I have a girlfriend with a magnetic personality. Instead of being crushed, though, I ended up looking at here on the ceiling. Or did I screw something up?
Okay, I was looking at “her” on the ceiling.
Thin plastic handcuffs tethered me in place. Yeah, buddy!
I’m sorry Mr. Ruijsssenaaars, but Michael J. Fox can ride a hoverboard all day long and still not be cool.
The poor neighbor with the pacemaker downstairs really hates the bed.
If you flick the on/off switch really fast, does it feel like a hotel vibrator bed? Talk about saving quarters!
I’m gonna put one on the floor, the other on the ceiling and play rockem-sockem magnetic beds.
Okay, it will do the vibrate thing. Can I switch it off and on and use it to launch watermelons into the air?
No. Not metal watermelons, silly.
It’s cool, sure, but that 100% death by lightning thing should be left out of your marketing literature.

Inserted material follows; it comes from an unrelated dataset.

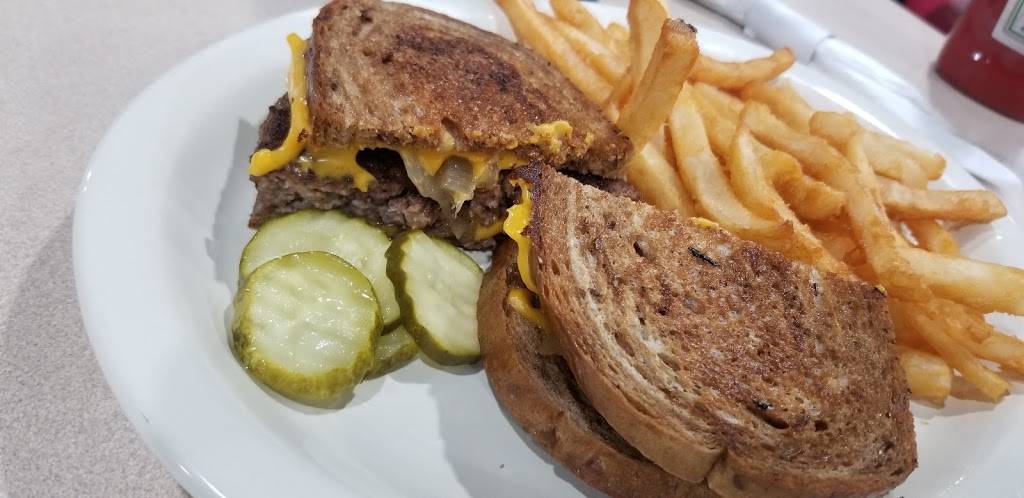 10th Street DINER | restaurant | 1701 10th Ave, Leavenworth, KS 66048, USA | 9132505770 OR +1 913-250-5770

The Princess and the Piezoelectric Crystal just doesn’t have the same ring to it.
Pop-quiz, hotshot! Where can I find a broom, mop, duster or vacuum that will let me clean under the bed but has no metal parts?
I’m waiting for the hide-a-magnetic-bed.
Police estimate all thirty magnets had been removed four months prior to the day one of the welded rods that were put in place of the steel cables finally broke.